__Short web captions__:
====

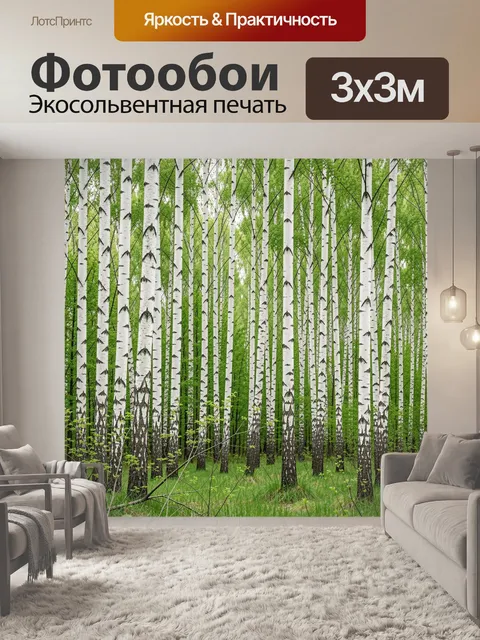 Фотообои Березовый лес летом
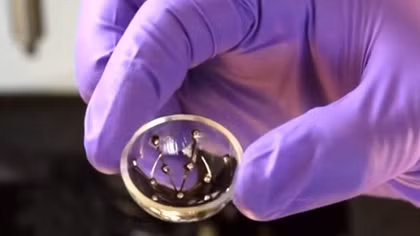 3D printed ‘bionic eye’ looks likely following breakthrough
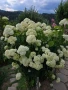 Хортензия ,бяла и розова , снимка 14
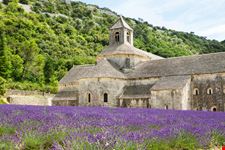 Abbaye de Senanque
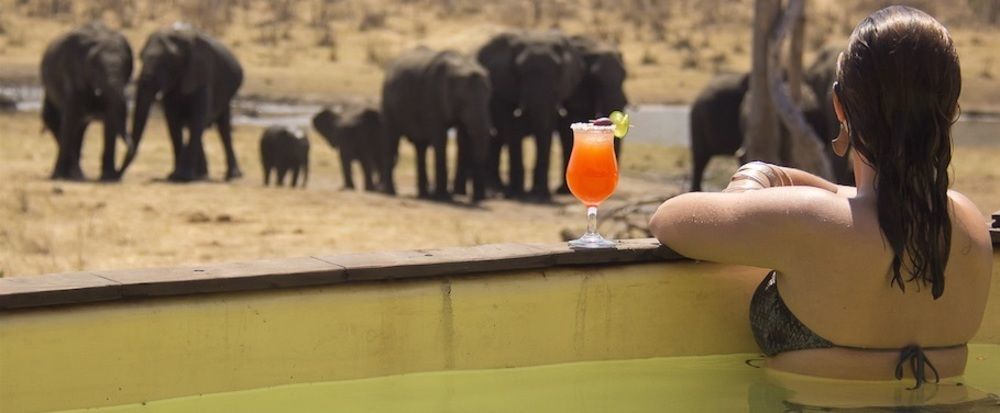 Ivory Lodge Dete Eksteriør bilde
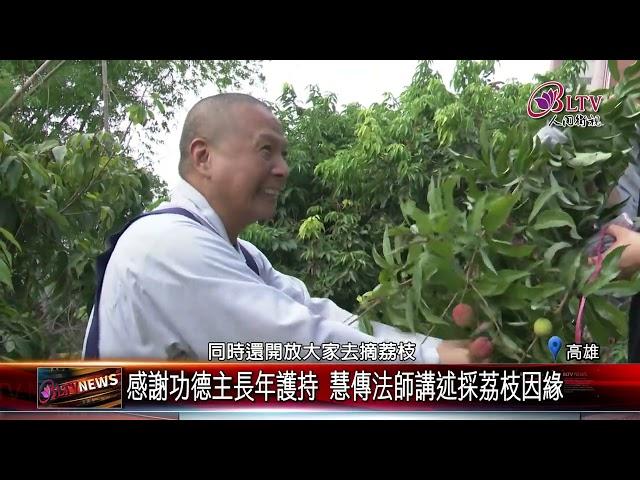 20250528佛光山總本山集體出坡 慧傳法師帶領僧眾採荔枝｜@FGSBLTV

====

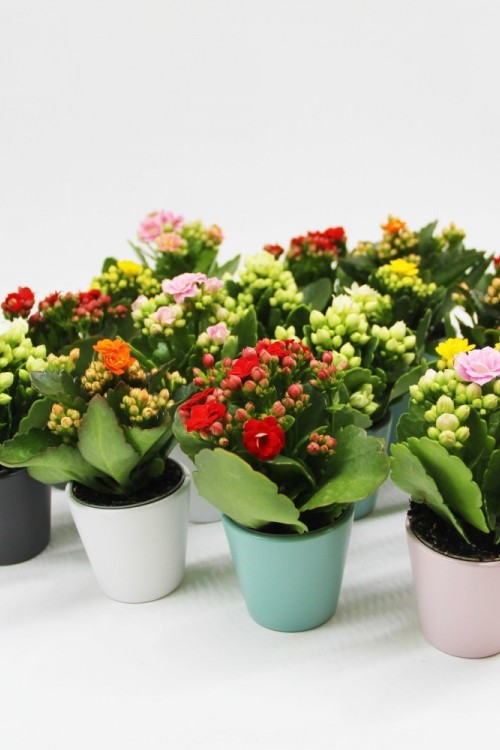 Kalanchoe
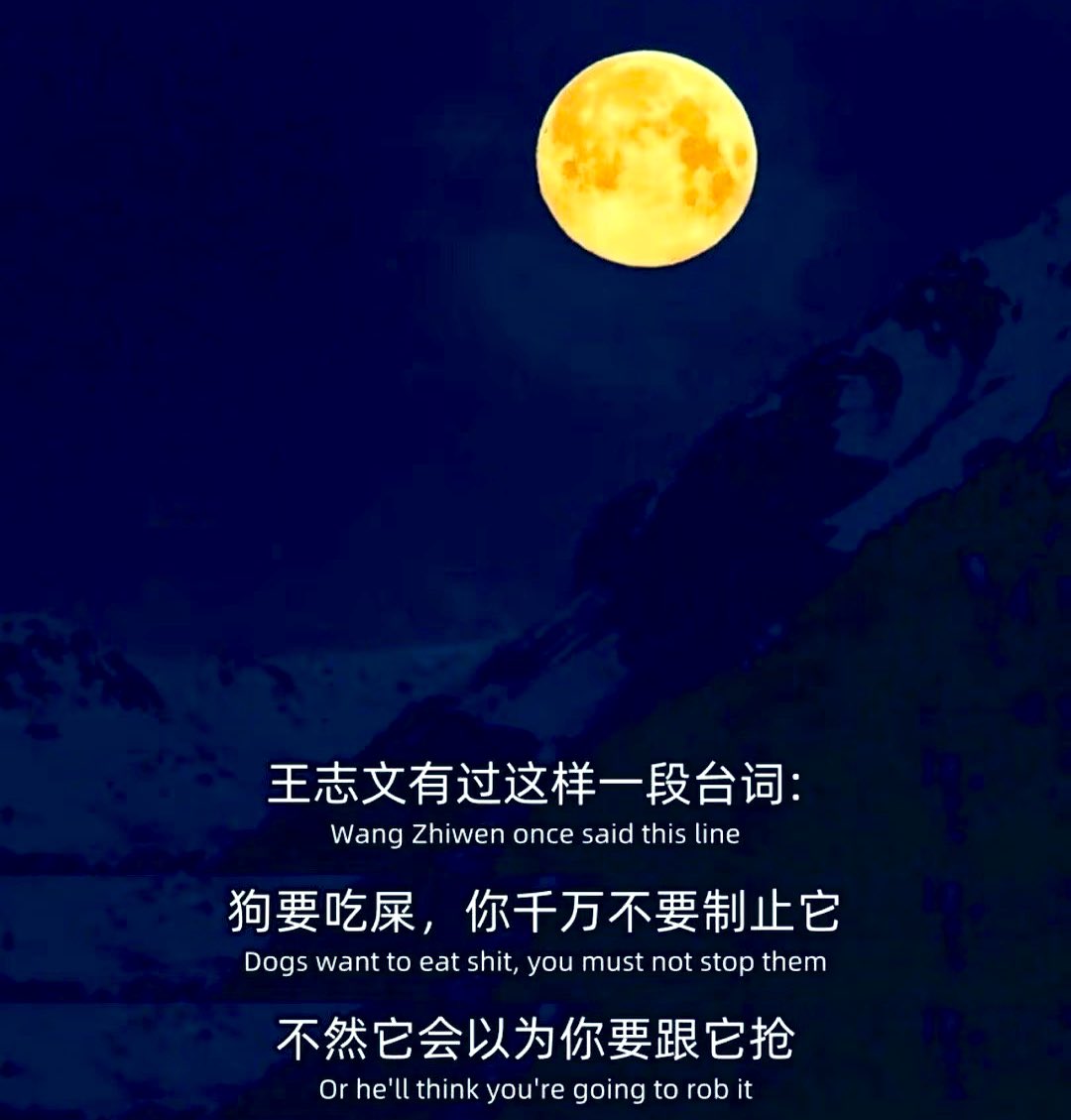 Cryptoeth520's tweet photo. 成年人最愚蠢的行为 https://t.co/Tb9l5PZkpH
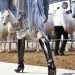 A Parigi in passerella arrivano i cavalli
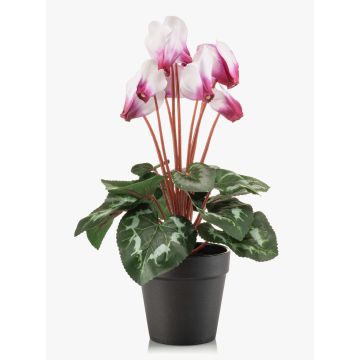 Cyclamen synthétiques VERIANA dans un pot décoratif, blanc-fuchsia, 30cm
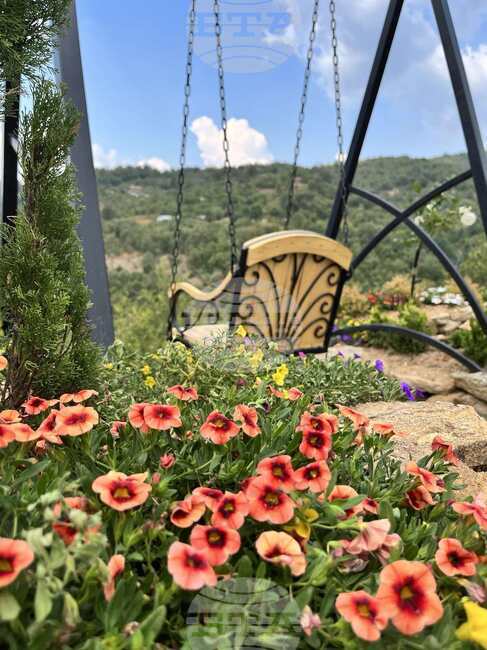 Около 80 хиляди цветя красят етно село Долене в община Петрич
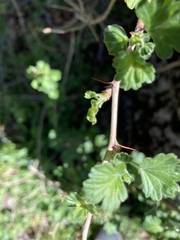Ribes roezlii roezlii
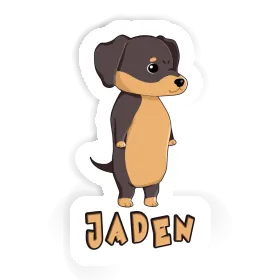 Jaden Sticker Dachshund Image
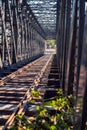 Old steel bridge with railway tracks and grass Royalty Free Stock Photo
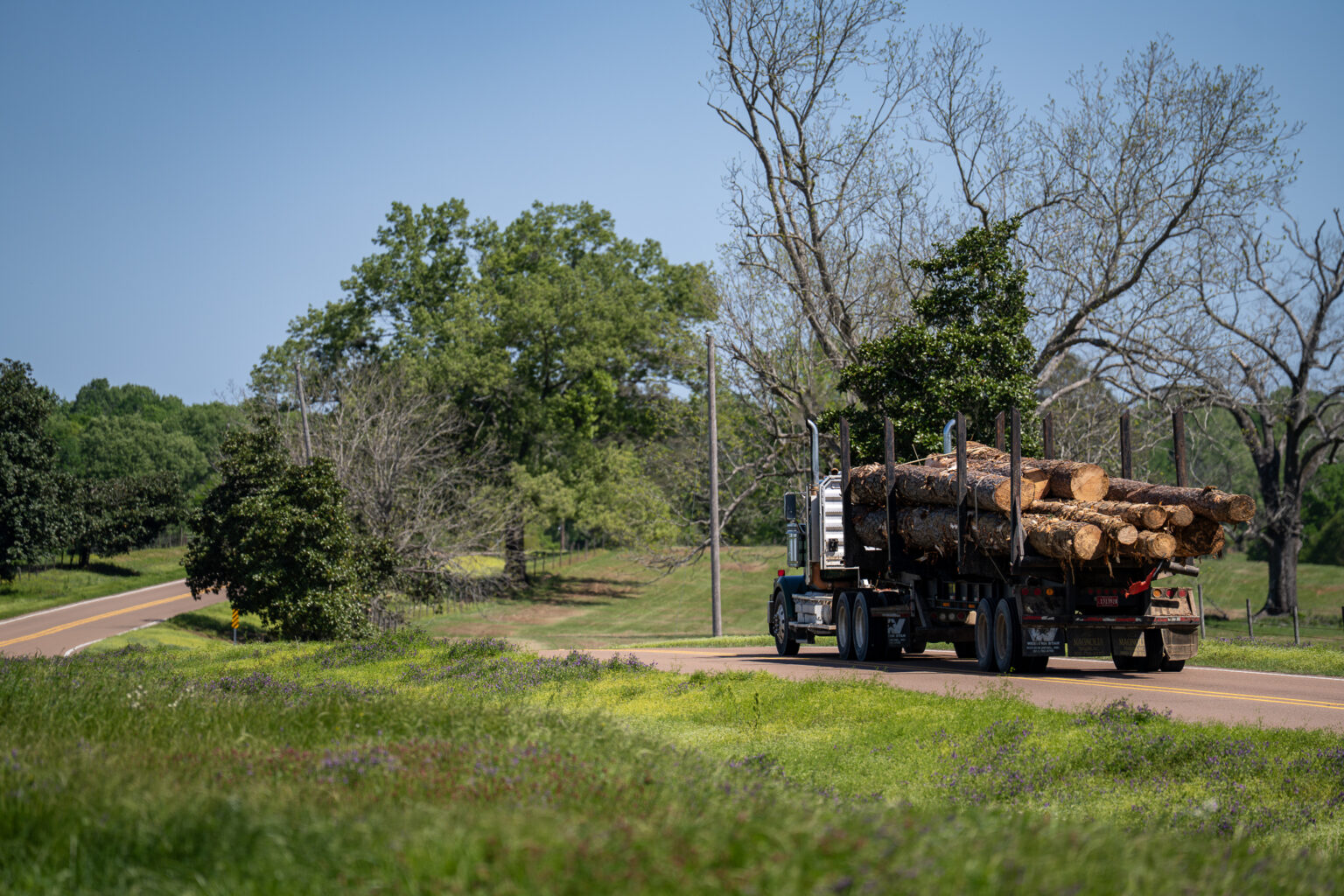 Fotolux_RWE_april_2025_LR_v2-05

====

__Task objective__: Using the data above, which lines fall from the one with "Old steel bridge" through the one with "Fotolux_RWE_april_2025_LR_v2-05"? Repeat them exactly, ends included, minus any pictures.

__Response box__:
 Old steel bridge with railway tracks and grass Royalty Free Stock Photo
 Fotolux_RWE_april_2025_LR_v2-05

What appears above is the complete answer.